Supreme Court Reaffirms that Social Benefits Cannot Trump Competition Under the Sherman Act
Antitrust defendants have repeatedly failed to convince the Supreme Court it should recognize social objectives—that do not enhance competition—as defenses to restraints of trade challenged under the Rule of Reason analysis applied to most Sherman Act claims. The Supreme Court extended that string of losses with its recent decision in NCAA v. Alston, which ruled, once again, that a defendant cannot defend restraints of trade by arguing they serve some social good more important than competition..

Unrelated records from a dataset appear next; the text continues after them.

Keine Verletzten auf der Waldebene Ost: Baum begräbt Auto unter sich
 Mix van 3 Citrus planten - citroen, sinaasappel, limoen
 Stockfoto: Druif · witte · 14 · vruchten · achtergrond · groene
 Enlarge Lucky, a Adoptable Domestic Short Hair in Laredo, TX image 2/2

In Alston, plaintiffs, current and former student-athletes, challenged the NCAA’s restrictions on education-related compensation, alleging that the NCAA’s rules violate Section 1 of the Sherman Act. The NCAA unsuccessfully argued that Rule of Reason analysis—which focuses on a challenged restraint’s effects on competition—should not even be applied to its rules because maintaining amateurism in college sports serves the societally important non-commercial objective of higher education. The Supreme Court rejected this argument and reaffirmed that a defendant cannot escape the Rule of Reason’s consideration of anticompetitive and procompetitive effects by claiming that its restraints on trade serve important social objectives beyond enhancing competition.
Purported benefits to society that are unrelated to competition do not make unreasonable restraints of trade any less unlawful. Thus, the Supreme Court held that the district court correctly applied the Rule of Reason in declaring the NCAA’s limits on education-related benefits violated the Sherman Act after finding that those rules were stricter than necessary to achieve any procompetitive benefits.

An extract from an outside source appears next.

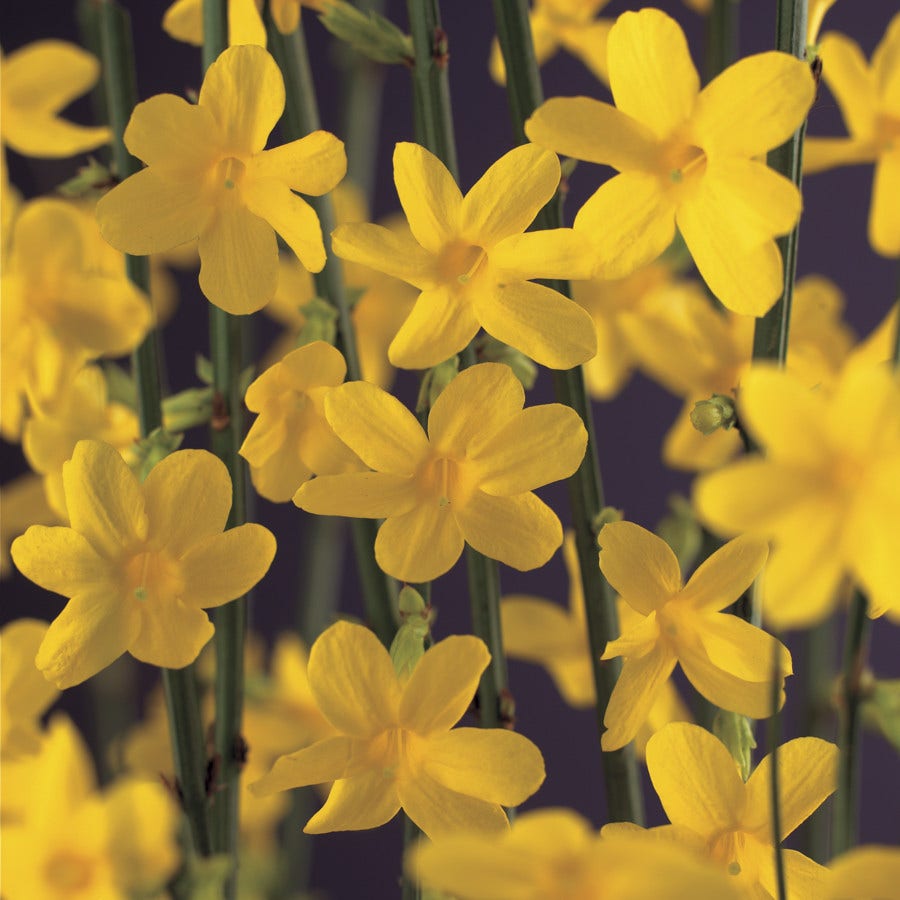 Winterjasmijn (Jasminum nudiflorum)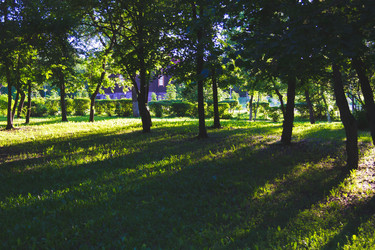 Similar image 21825195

In so holding, the Supreme Court reaffirmed its rejection of social benefits as justifications for anticompetitive conduct in National Society of Professional Engineers v. United States, 435 U.S. 679 (1978) (rejecting public safety as an affirmative defense under the Rule of Reasons for engineers’ association’s ban on competitive bidding) and FTC v. Superior Court Trial Lawyers Association, 493 U.S. 411 (1990) (rejecting indigent defendants’ access to legal representation as a justification for lawyers’ otherwise unlawful fee agreement to raise rates). The Sherman Act precludes inquiry into whether competition is good or bad, and the Supreme Court has long reasoned that the Act reflects a legislative judgment that competition is the best method of allocating resources and will result in lower prices and better goods and services.

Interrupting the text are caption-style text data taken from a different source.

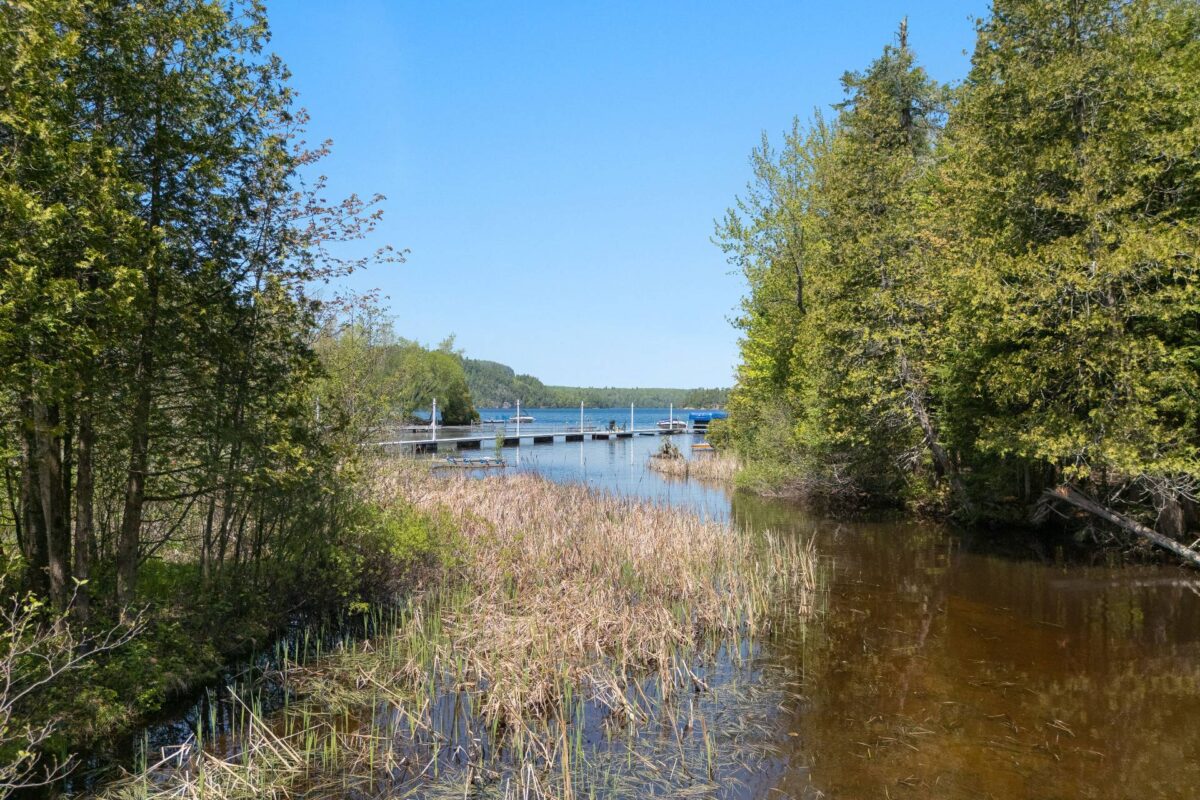 Vue sur l'eau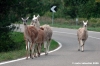 lama_badia_montemuro2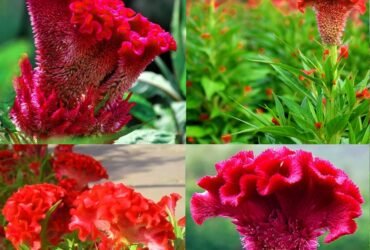 Giá hạt giống Hoa Màu Gà Búa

While the Supreme Court’s ruling was limited to the legality of restraints on education-related payments to student athletes, Alston stands for the broader principle that restraints of trade that on their face may have social benefits are nonetheless violations of the Sherman Act if they harm competition. Alston also recognizes that a nonprofit organization like the NCAA—which is “organized to maximize revenue”—cannot claim immunity from the antitrust laws based on its non-profit status. 141 S. Ct. at 2159.
This most recent antitrust decision from the Supreme Court both reaffirms that defendants cannot escape antitrust liability by dressing up purported benefits to society as defenses to unreasonable restraints of trade and stays the course in following Supreme Court precedent that focuses the Rule of Reason on challenged restraints’ effects on competition.